The paleolithic diet, also known as the Stone Age Diet or Caveman Diet, is simply a return to eating the foods that humans would have consumed before agriculture and farming became common. Also, it emphasises eating raw foods, as cooking would have been a rarity. It is the oldest known diet to man!
The paleolithic diet is intended to emulate the ancient diet of wild plants and animals that humans consumed up until the end of the stone age, which was about 10,000 years ago.
It is based upon commonly available modern foods, including lean meat, fish, vegetables, fruit, roots, and nuts. It mostly excludes grains, legumes, dairy products, salt, refined sugar and processed oils. Some salt and dairy (fresh goats milk etc.) may have been consumed, but not on a large scale. Although fire was used in cooking it may not have been a daily luxury.
The Original Paleo Diet for Weight Loss
To start a Paleo Diet you just need the Paleo Cookbook from www.paleocookbooks.com.
It was first popularized in the mid 1970s by a gastroenterologist named Walter L. Voegtlin. Building upon the principles of evolutionary medicine, it is based on the premise that modern humans are genetically adapted to the diet of their Paleolithic ancestors and that human genetics have scarcely changed since the dawn of agriculture, and therefore that an ideal diet for human health and well-being is one that resembles this ancestral diet.

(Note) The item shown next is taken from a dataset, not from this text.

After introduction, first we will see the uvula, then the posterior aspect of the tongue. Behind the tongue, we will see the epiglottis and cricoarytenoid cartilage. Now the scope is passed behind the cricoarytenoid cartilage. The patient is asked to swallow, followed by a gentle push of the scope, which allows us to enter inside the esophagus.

This dietary approach is a controversial topic amongst nutritionists and anthropologists. Advocates argue that modern human populations subsisting on traditional diets similar to those of Paleolithic hunter-gatherers are largely free of diseases of affluence, and that such diets produce beneficial health outcomes in controlled medical studies.
Supporters point to several potentially therapeutic nutritional characteristics of pre-agricultural diets. Critics of this nutritional approach have taken issue with its underlying evolutionary logic, and have disputed certain dietary prescriptions on the grounds that they pose health risks and may not reflect the features of ancient Paleolithic diets. It is not a realistic alternative for everyone.
Why is the Palaeolithic Diet The Popular New Approach to Weight Loss?
Since the end of the Paleolithic period, foods that humans would have rarely or never consumed during previous stages of their evolution have been introduced as staples in their diet, namely dairy products, beans, cereals, alcohol, salt and fatty domestic meats.
In the last 150 years agriculture has boomed, with the production of refined cereals, refined sugars and refined vegetable oils, as well fattier domestic meats, which have become major components of Western diets. These dietary compositional changes have been implicated as risk factors in the many of the “diseases of civilization”, which include obesity, cardiovascular disease, diabetes, osteoporosis, autoimmune-related diseases and cancer. In many ways folowing a caveman / paleo diet is very much like following a more conventional low GI diet plan.
Healthiest Foods to Eat on the Stone Age, Hunter-Gather Diet
There are too many foods that can be eaten, and that should be avoided, to list here. For a full list of foods you can eat download a Paleo Cookbook. Some of the allowed foods are also super foods, so we shall concentrate on these for now:
- Salmon: Salmon packs a great source of protein coupled with omega-3 fatty acids. Salmon is also a good source of vitamins B6 and B12. Choose wild salmon whenever possible.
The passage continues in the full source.